Find out how a Smart Data Solution from ERBACH can provide daily sales and visitor forecasts for a furniture store chain based on historical data.

Our Smart Data & AI solution enables time and target group-optimized marketing measures that lead to amazingly precise predictions of visitors, customers and sales. In this way, daily visitor and customer numbers, expected sales and the necessary personnel can be planned for individual locations. It is based on historical data from the furniture store chain, which has been supplemented with local weather data as well as public holidays and school vacations.

50-70%

Cost savings for marketing and personnel

Smart Solution

The furniture store chain was able to provide us with complete historical data for the last 3.5 years for the project. This included daily visitor numbers as well as sales of the individual stores according to product groups and information on marketing campaigns carried out with discount amounts and duration.

Erbach Smart Solutions has enriched this information with local weather data as well as vacation and public holidays appropriate to the selected locations of the furniture stores and transferred it to a central Excel spreadsheet. The data collected was around 40 MB in size with approximately 200,000 entries grouped into 25 unique features for analysis and prediction.

The first challenge was to show that Smart Data & AI add value for the furniture store chain. For this purpose, the effect of marketing campaigns on visitor numbers, daily turnover and sold product groups was shown using various analysis methods. In addition, it was examined whether and how Smart Data & AI predictions on visitor numbers and sales are possible. Finally, by combining analytics and predictions, we were able to perform an assessment of daily success. Based on this, targeted marketing measures can now be started.

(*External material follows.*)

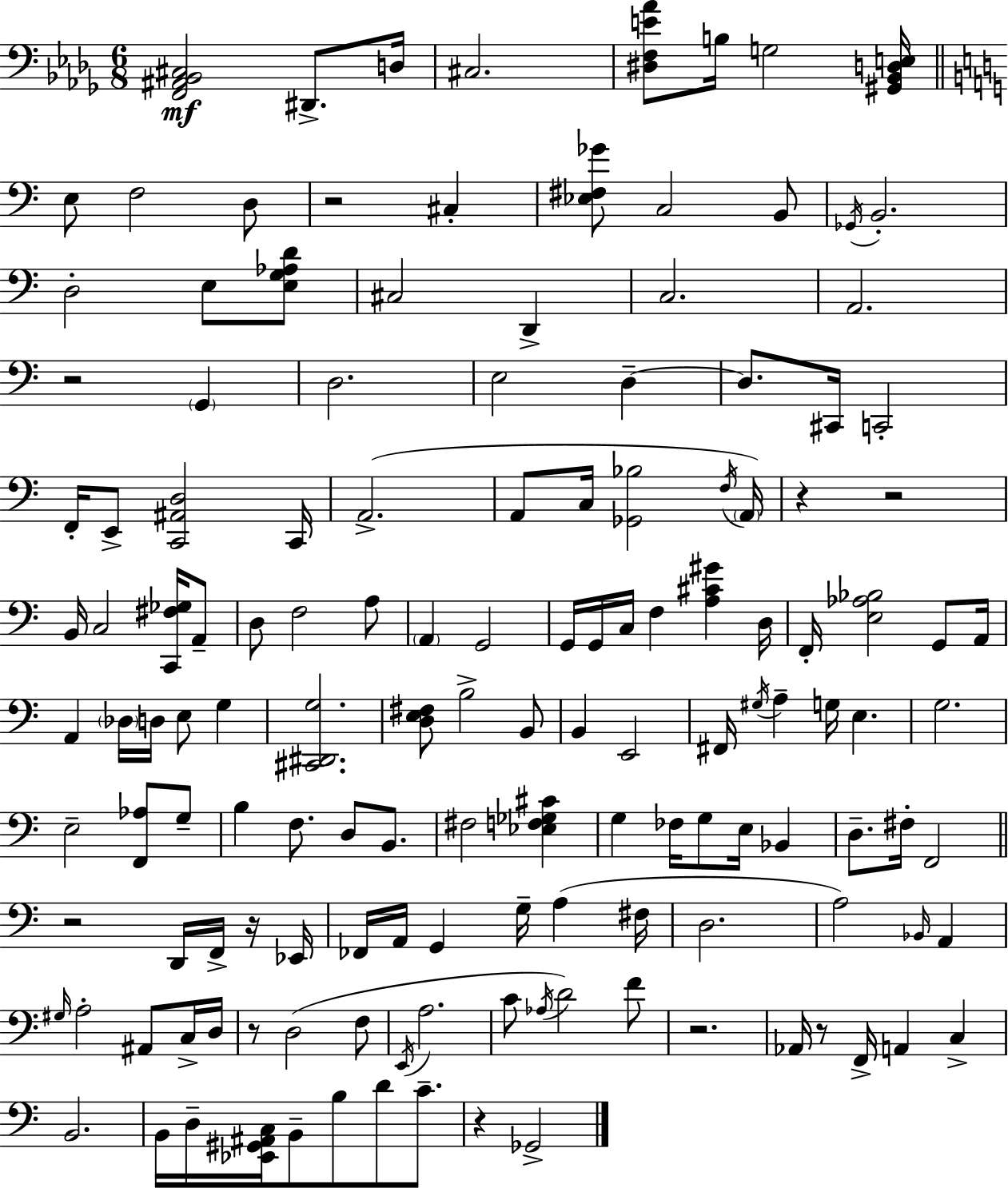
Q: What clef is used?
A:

The starting point of the project was a Smart Data Potential Analysis, which we carried out together with the SDSC BW. Various analytics and machine learning methods were examined and finally a base model was developed to create forecasts using knowledge of visitor and sales figures and marketing measures. The algorithms were developed using statistical information from the time series (e.g. mean and autocorrelation) and finally trained, tested and optimized with historical data.

 Result & Outlook

Merely by merging the various data sources in a central database, remarkable analysis results have already been achieved. This made it possible to show which marketing measures had a particularly positive effect on the sales of certain product groups.

With the optimized and trained Machine Learning Model, daily forecasts of sales and visitor numbers of the individual furniture stores are now possible with a high degree of accuracy (up to 97%). From this, a statement on the respective daily success can be derived in real time for each individual furniture store. Cockpit charts, analyzes and forecasts for individual furniture stores and product groups can be configured and displayed for different user groups in our cloud-based Smart Data Center.

In the next step, the system can be supplemented with additional data sources and charts, e.g. on competitor prices or to optimize supply chains.